She told me how she’d slept with the kitten and the little dog and, when she didn’t have them anymore, with the two or three toys she’d had so long that most of their fur was worn off. How she could smell the kitten for months in her room just as if it were still there. How the dog had died in the shower. How her husband had gotten mad, hit her, and taken the thing away. But you could tell she was glad when the body wasn’t there in the shower anymore.
* * *
“This man was watching me in the park,” she said. “He always watched me.”
“Why were you in the park, Lissy?”
She looked at me out of the corner of her eye and gave me a smile, the conspiratorial kind. “There’s more than one squirrel in those trees. Maybe a whole family. I like to watch them.”
I was surprised there were any animals at all in the park. You don’t see them anymore, except for the domesticates.
“Did you talk to this man?”
She seemed to know what I was asking. She said, “I wasn’t scared of him. He smiled a lot.” She laughed at something, and we all jumped. “I knew he wanted to talk to me, so I pretended there was a squirrel over by him, and I fed it. He said, Did I like animals and how I could make a lot of money and help the animals of the world.”
It wasn’t important. A dollar. A thousand. But I had to ask.
“How much money did he tell you?”
“Nine thousand dollars. That’s how much I’m going to get, and I’ll be able to see it when it’s born, and visit it.”
She told me how they entered her, how they did it gently while she watched, the instrument clean and bright.
The fertilized egg would affix to the wall of her uterus, they’d told her, and together they would make a placenta. What the fetus needed nutritionally would pass through the placental barrier, and her body wouldn’t reject it.
Her eyes looked worried now. She was remembering things—a beating, men in uniforms with guns, a man with a microphone pushed against her belly. Had her husband hit her there? If so, how many times? I wondered.
“Will the baby be okay?” she asked, and I realized I’d never seen eyes so colorless, a face so trusting.
“That’s what the doctors say,” I said, looking up at the side arms, putting it on them.
Nine thousand. More than a man like her husband would ever see stacked in his life, but he’d beaten her anyway, furious that she could get it in her own way when he’d failed again and again, furious that she’d managed to get it with the one thing he thought he owned—her body.
Paranoid somatopaths are that way.
I ought to know. I married one.
* * *
I’m thinking of the mess we’ve made of it, Lissy. I’m thinking of the three hundred thousand grown children of the walking wounded of an old war in Asia who walk the same way.
I’m thinking of the four hundred thousand walljackers, our living dead. I’m thinking of the zoos, the ones we don’t have anymore, and what they must have been like, what little girls like Lissy Tomer must have done there on summer days.
I’m thinking of a father who went to war, came back, but was never the same again, of a mother who somehow carried us all, of how cars and smog and cement can make a childhood and leave you thinking you can change it all.
* * *
I wasn’t sure, but I could guess.

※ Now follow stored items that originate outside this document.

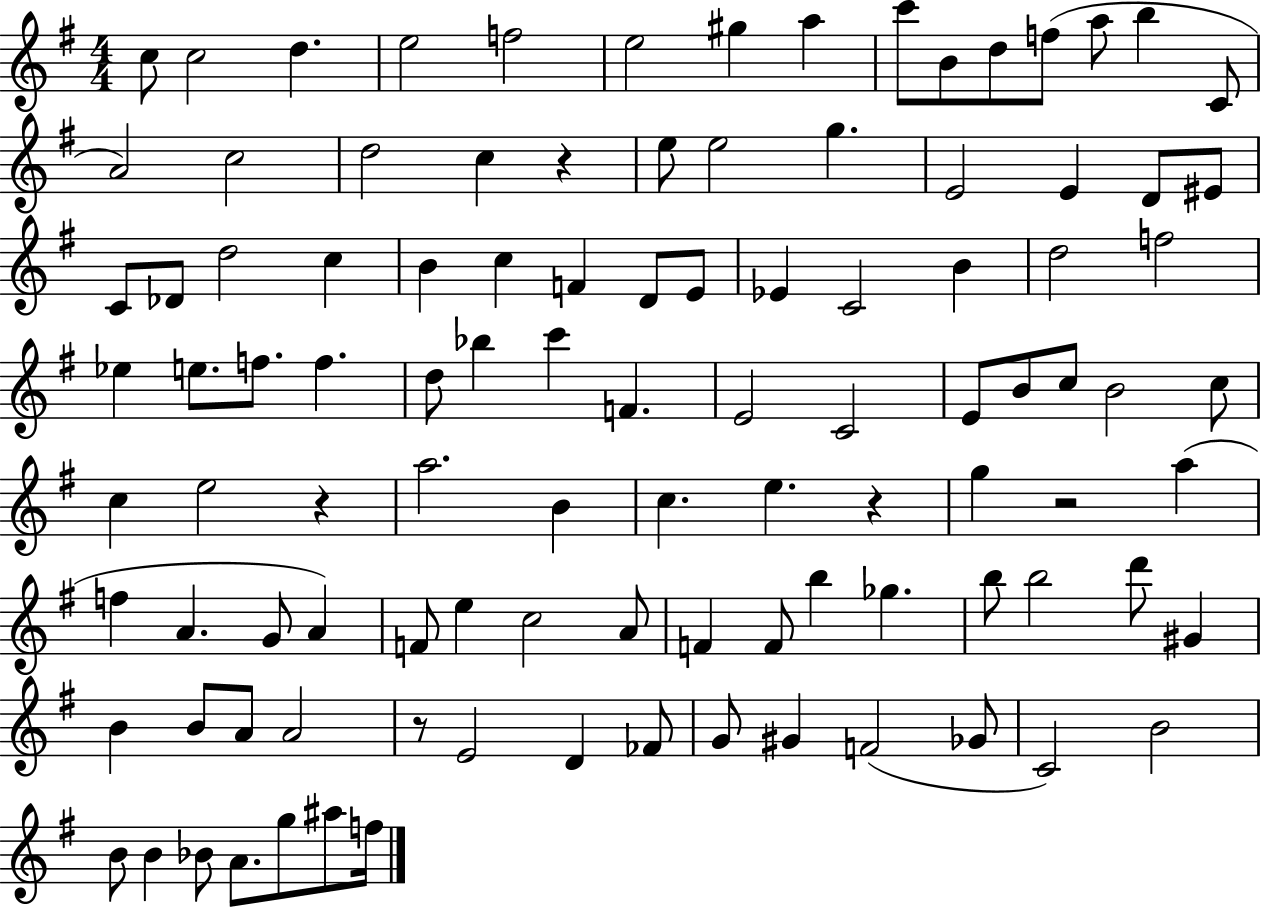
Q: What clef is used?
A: treble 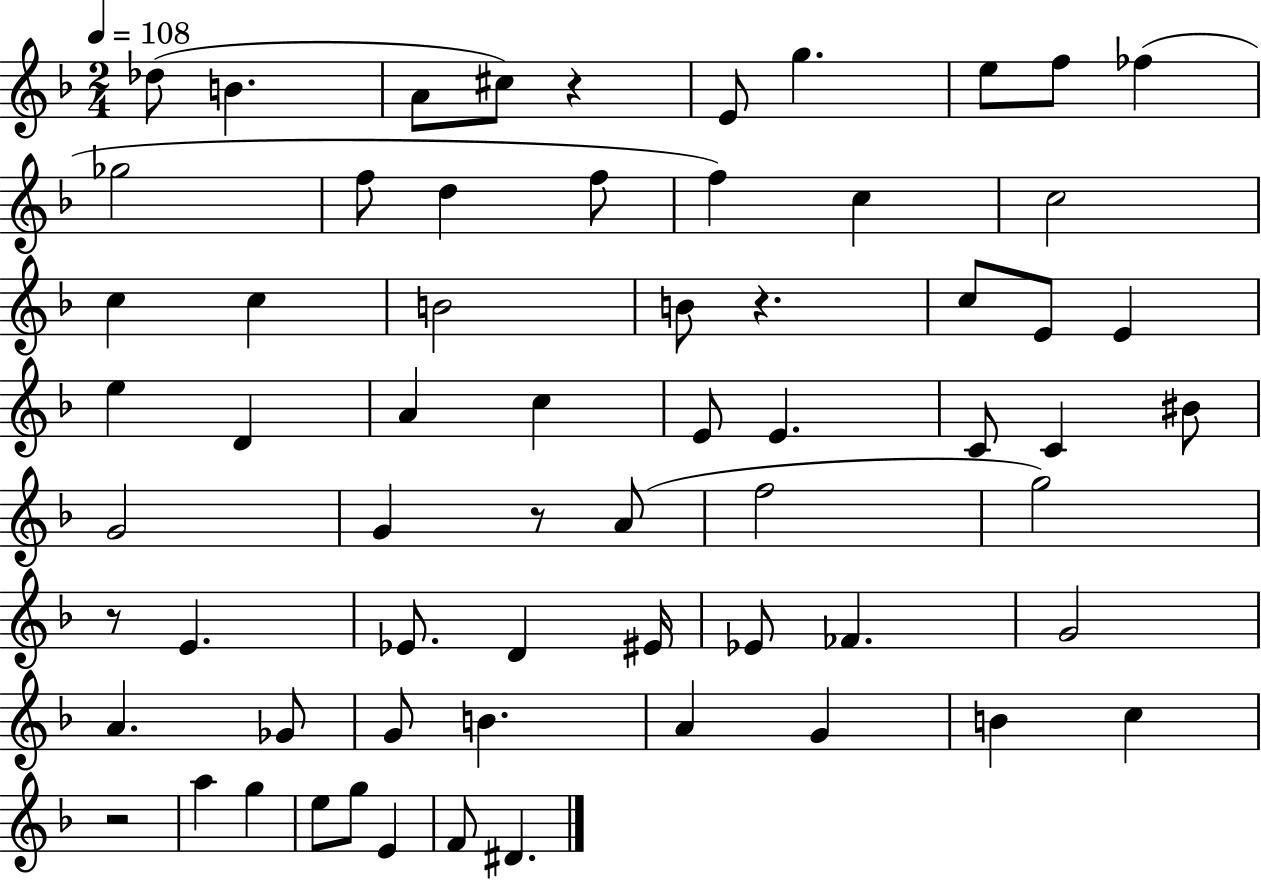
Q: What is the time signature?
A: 2/4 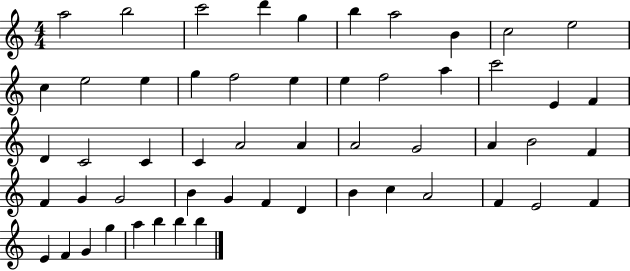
{
  \clef treble
  \numericTimeSignature
  \time 4/4
  \key c \major
  a''2 b''2 | c'''2 d'''4 g''4 | b''4 a''2 b'4 | c''2 e''2 | \break c''4 e''2 e''4 | g''4 f''2 e''4 | e''4 f''2 a''4 | c'''2 e'4 f'4 | \break d'4 c'2 c'4 | c'4 a'2 a'4 | a'2 g'2 | a'4 b'2 f'4 | \break f'4 g'4 g'2 | b'4 g'4 f'4 d'4 | b'4 c''4 a'2 | f'4 e'2 f'4 | \break e'4 f'4 g'4 g''4 | a''4 b''4 b''4 b''4 | \bar "|."
} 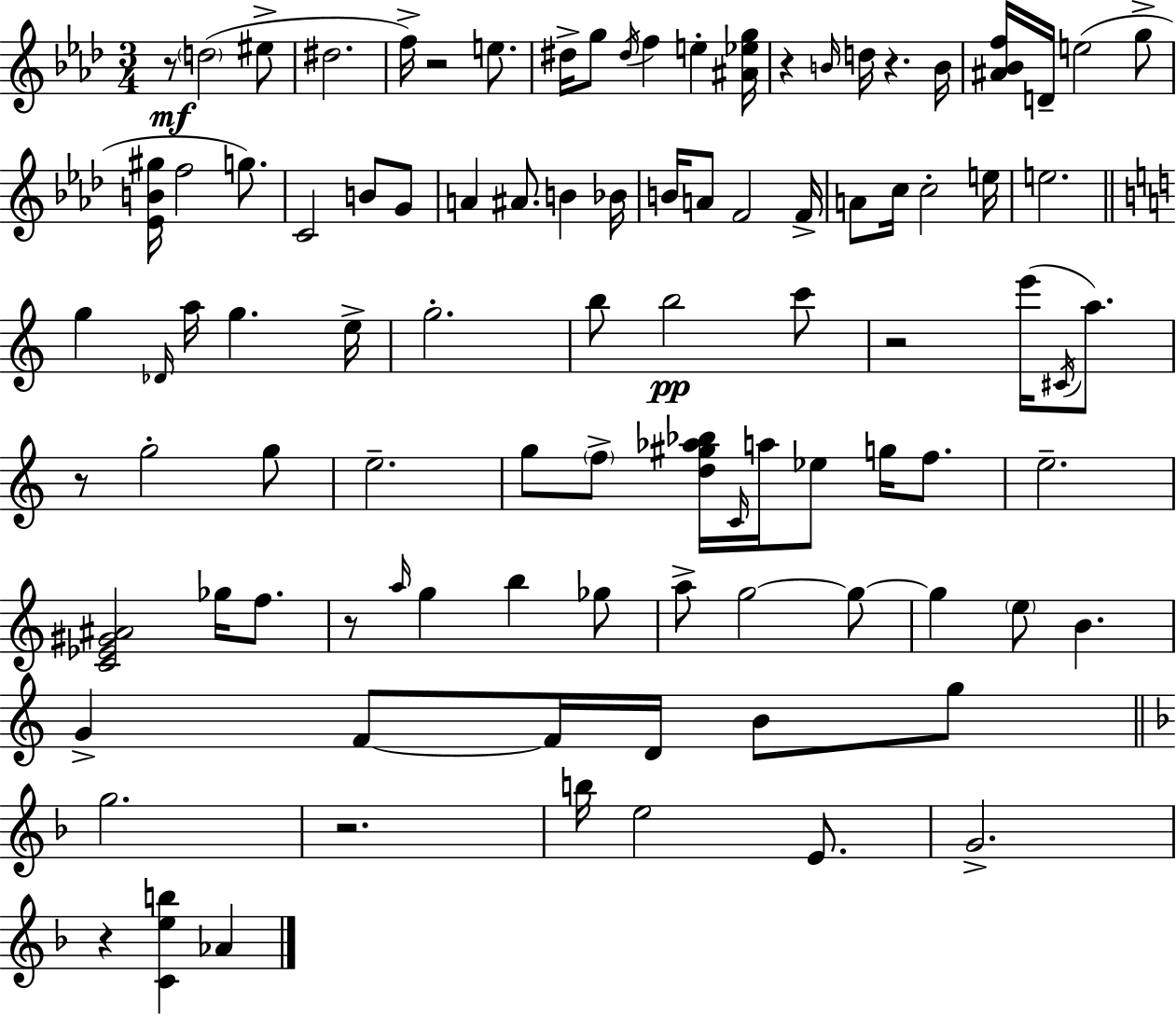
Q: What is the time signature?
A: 3/4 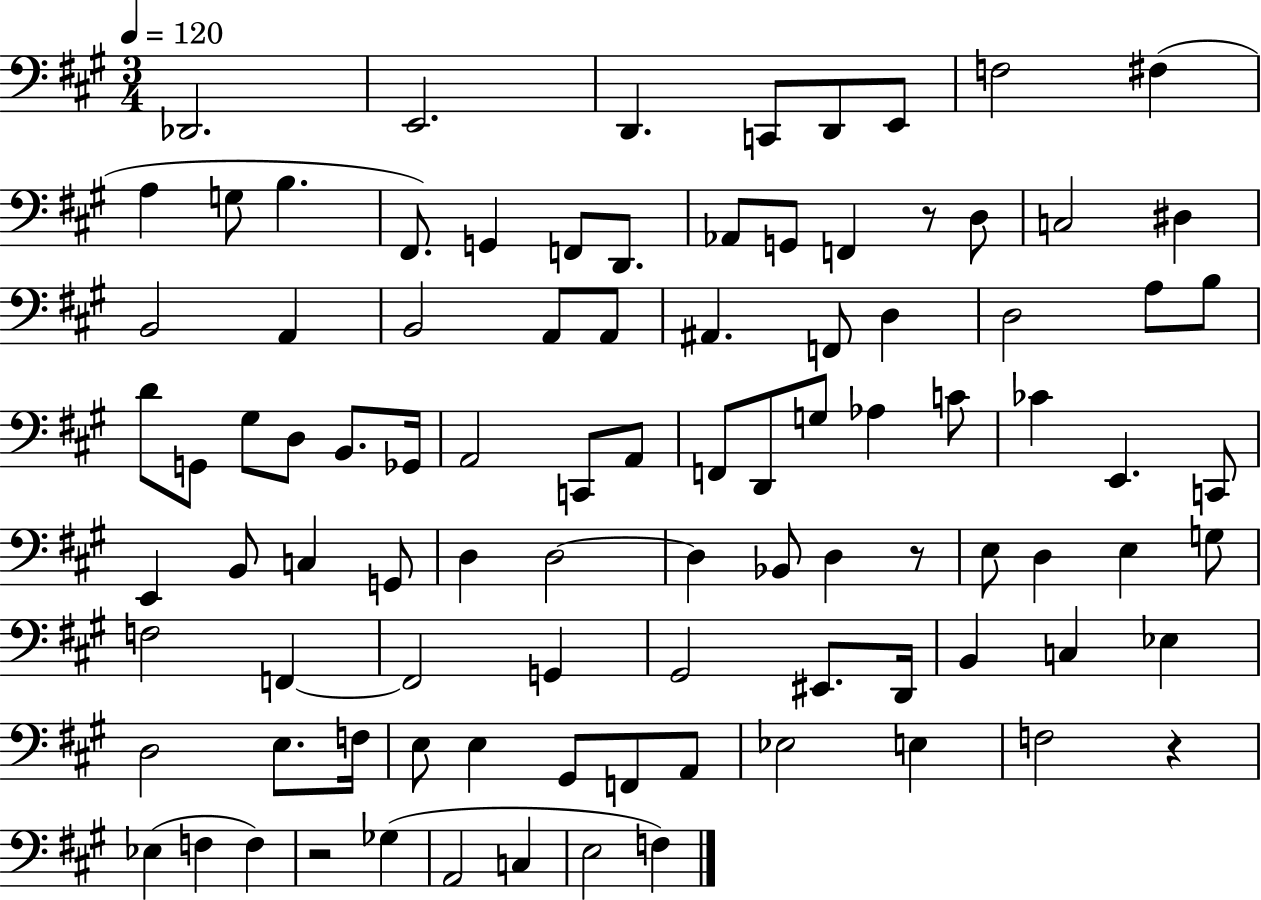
Db2/h. E2/h. D2/q. C2/e D2/e E2/e F3/h F#3/q A3/q G3/e B3/q. F#2/e. G2/q F2/e D2/e. Ab2/e G2/e F2/q R/e D3/e C3/h D#3/q B2/h A2/q B2/h A2/e A2/e A#2/q. F2/e D3/q D3/h A3/e B3/e D4/e G2/e G#3/e D3/e B2/e. Gb2/s A2/h C2/e A2/e F2/e D2/e G3/e Ab3/q C4/e CES4/q E2/q. C2/e E2/q B2/e C3/q G2/e D3/q D3/h D3/q Bb2/e D3/q R/e E3/e D3/q E3/q G3/e F3/h F2/q F2/h G2/q G#2/h EIS2/e. D2/s B2/q C3/q Eb3/q D3/h E3/e. F3/s E3/e E3/q G#2/e F2/e A2/e Eb3/h E3/q F3/h R/q Eb3/q F3/q F3/q R/h Gb3/q A2/h C3/q E3/h F3/q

The man in the park was a body broker for pharmaceuticals and nonprofits, and behind him somewhere was a species resurrection group that somehow had the money. He’d gotten a hefty three hundred percent, which meant the investment was already thirty-six grand. He’d spent some of his twenty-seven paying off a few W&I people in the biggest counties, gotten a couple dozen names on high-V.R. searches, watched the best bets himself, and finally made his selection.
The group behind him didn’t know how such things worked or didn’t particularly care; they simply wanted consenting women of childbearing age, good health, no substance abuse, no walljackers, no suicidal inclinations; and the broker’s reputation was good, and he did his job.
Somehow he’d missed the husband.
As I found out later, she was one of ten. Surrogates for human babies were a dime a dozen, had been for years. This was something else.
In a nation of two hundred eighty million, Lissy Tomer was one of ten—but in her heart of hearts she was the only one. Because a man who said he loved animals had talked to her in a park once. Because he’d said she would get a lot of money—money that ought to make a husband who was never happy, happy. Because she would get to see it when it was born and get to visit it wherever it was kept.
The odd thing was, I could understand how she felt.
* * *
I called Antalou at three A.M., got her mad but at least awake, and got her to agree we should try to get the girl out that same night—out of that room, away from the press, and into a County unit for a complete fetal check. Antalou is the kind of boss you only get in heaven. She tried, but Mendoza stonewalled her under P.C. Twenty-two, the Jorgenson clause—he was getting all the publicity he and his new unit needed with the press screaming downstairs—and we gave up at five, and I went home for a couple hours of sleep before the paperwork began.
I knew that sitting there in the middle of all that glass with two armed medics was almost as bad as the press, but what could I do, Lissy, what could I do?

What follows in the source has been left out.